小林 このようなこともあってか、処方や製法をすべて開示する法律ができたのです。これによって当局による製造工程の査察が可能になりました。

佐藤 それだと完全にコピーされてしまいますね。

小林 いま経済安全保障では半導体やハイテクの工作機械やロボットが特定重要物資に指定されていますが、中国は化粧品にも手を伸ばしてきています。政府はこの分野のことも考えてほしいですね。

佐藤 何か打つ手はあるのですか。

小林 輸出すると、その工程を見せることになりますから、日本でしか発売しない商品を作り、逆にインバウンドで売れるようにしていく手もあります。

佐藤 なるほど。しかしこれは一企業というより国家レベルの対策が必要でしょうね。

小林 一方で、化粧品や医薬品の規制では、本場のヨーロッパが先を行く。フランスは化粧品が国策産業で、そのフランスを中心としてヨーロッパは化粧品に関するルール作りを進めています。今後は、研究開発したり、レギュレーション(規制)にうまく合わせるには、ヨーロッパでの情報収集も強化する必要があります。

佐藤 ヨーロッパの狙いはそこです。

小林 日本はやはりガラパゴスで、こうした流れについていけないでいる。政治家の方々には、ぜひともここを何とかしてほしいですね。
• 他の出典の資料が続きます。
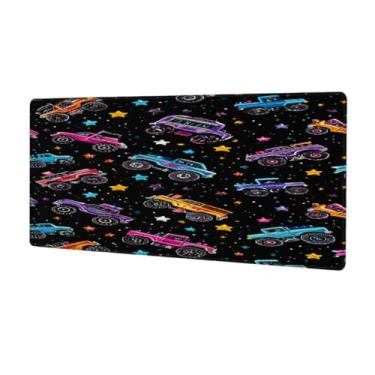 Imagem de Tapete de mouse colorido com arte de caminhão grande, impermeável, protetor de mesa estendido, tapete de borracha antiderrapante para escritório, computador, teclado, laptop e mesa de casa, mouse pad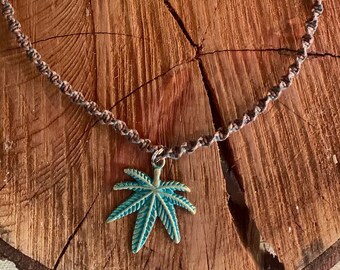 Handmade Hemp Necklace: Green Metal Leaf Pendant, Boho Hippie Style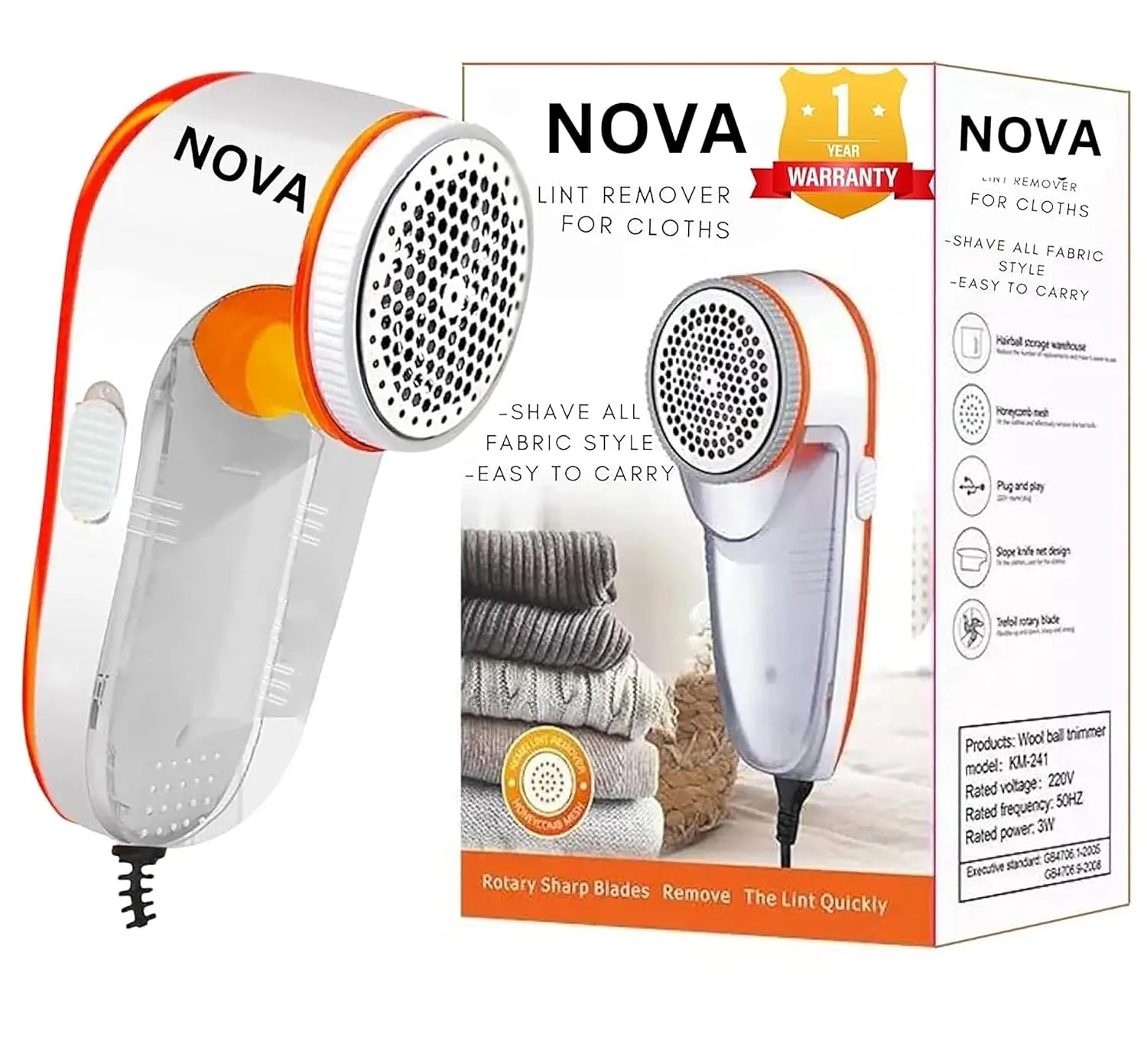 Nova Lint Remover for Clothes, Fabric Brush, for Woolen Sweaters, Clothes, Shirts, Jackets, - TrendyHub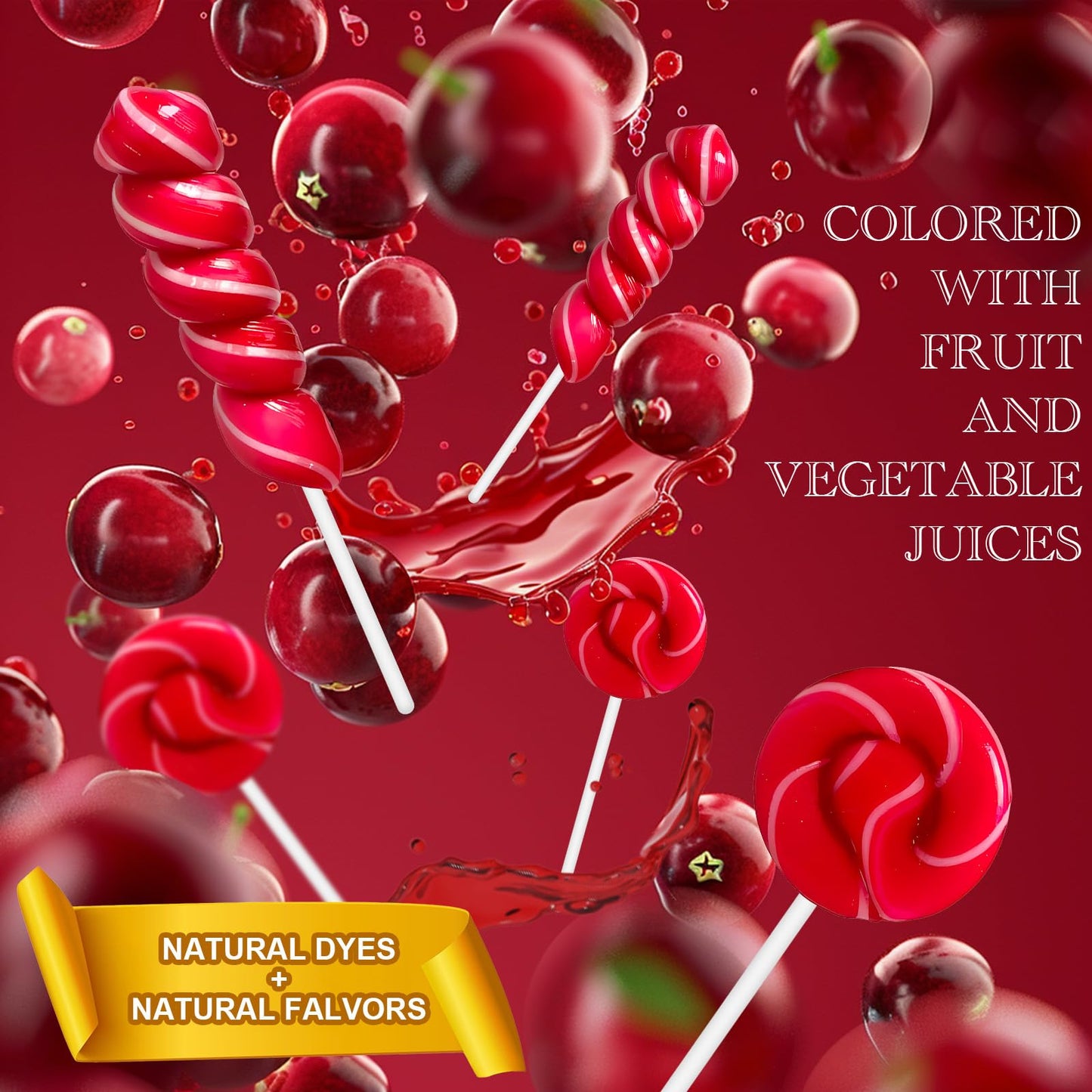 ZOFIA SWEET Suckers Lollipop, 32 Count, Red and White Twist and Swirl, Allergy Friendly, Natural Dyes and Flavors, Model HLWQYT-N-RW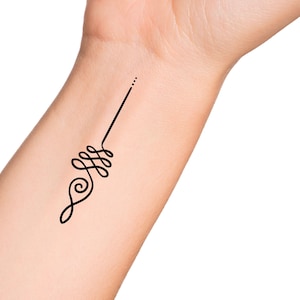 May include: A black line tattoo on a person's wrist. The tattoo is a simple design with a spiral at the bottom and a line extending upwards.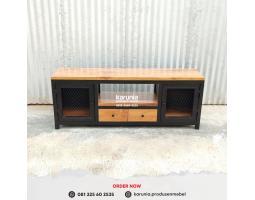 Meja TV Bufet Minimalis Custom Bahan Kayu Jati dan Besi - Klaten Jawa Tengah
小林一俊(こばやしかずとし) コーセー代表取締役社長
1962年東京都生まれ。慶應義塾大学法学部卒。86年小林コーセー入社。89年より企画本部長室でCIプロジェクト推進、91年のロゴ一新、コーセーへの社名変更で大きな役割を果たした。同年取締役マーケティング本部長兼宣伝部長、95年常務取締役、2004年代表取締役副社長となり07年から現職。